◆ **Data section**:
________________________
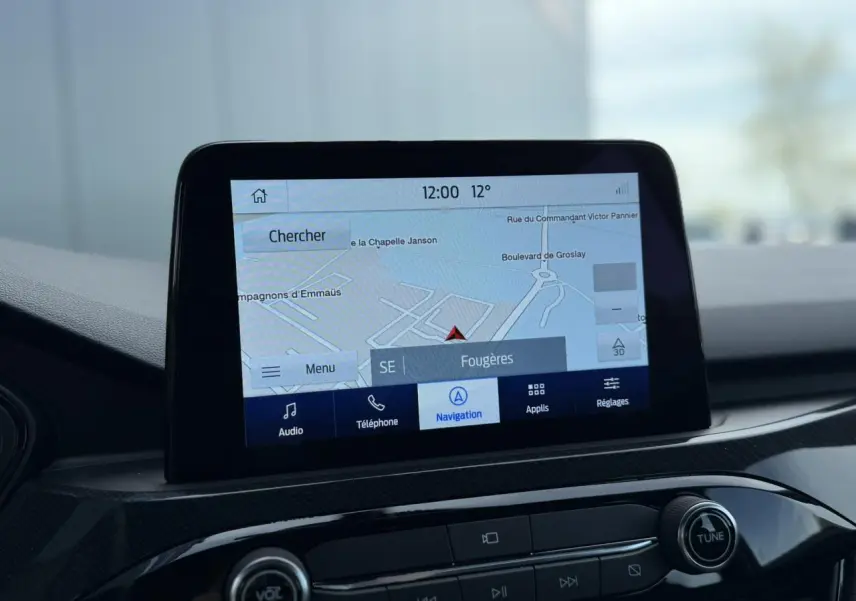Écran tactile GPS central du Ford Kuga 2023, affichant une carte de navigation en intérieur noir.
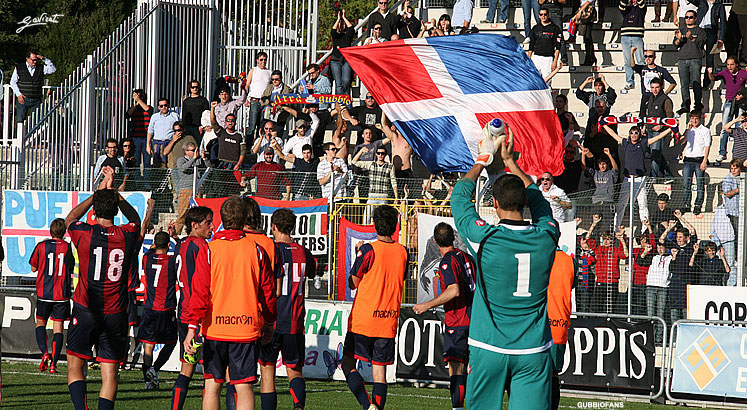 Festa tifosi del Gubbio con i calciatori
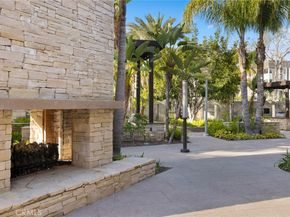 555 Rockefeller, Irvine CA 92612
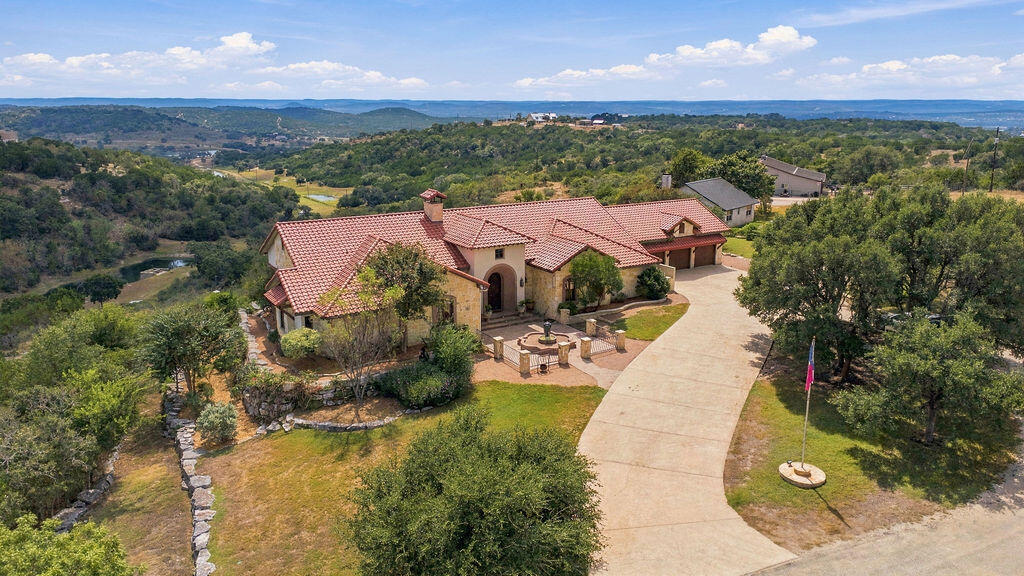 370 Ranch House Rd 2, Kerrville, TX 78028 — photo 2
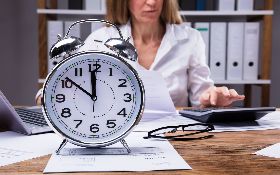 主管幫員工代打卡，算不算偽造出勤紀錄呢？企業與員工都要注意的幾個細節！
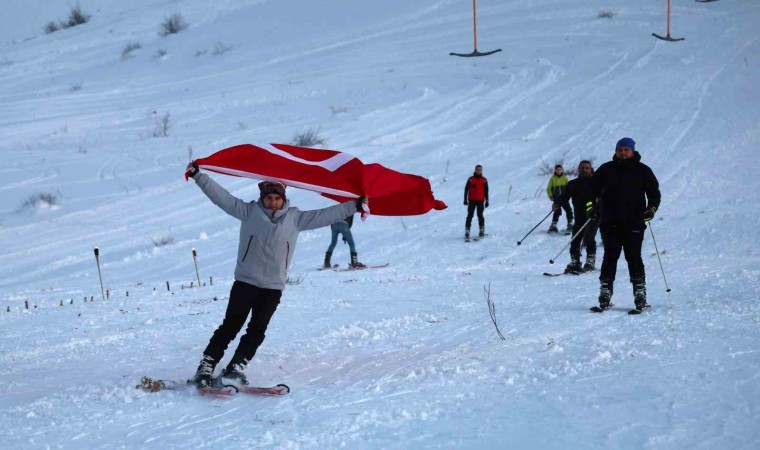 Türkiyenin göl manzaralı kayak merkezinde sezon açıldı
________________________
◆ **Action item**: Return the data verbatim, leaving out the pictures it holds.

◆ **Output for this exercise**:
Écran tactile GPS central du Ford Kuga 2023, affichant une carte de navigation en intérieur noir.
 Festa tifosi del Gubbio con i calciatori
 555 Rockefeller, Irvine CA 92612
 370 Ranch House Rd 2, Kerrville, TX 78028 — photo 2
 主管幫員工代打卡，算不算偽造出勤紀錄呢？企業與員工都要注意的幾個細節！
 Türkiyenin göl manzaralı kayak merkezinde sezon açıldı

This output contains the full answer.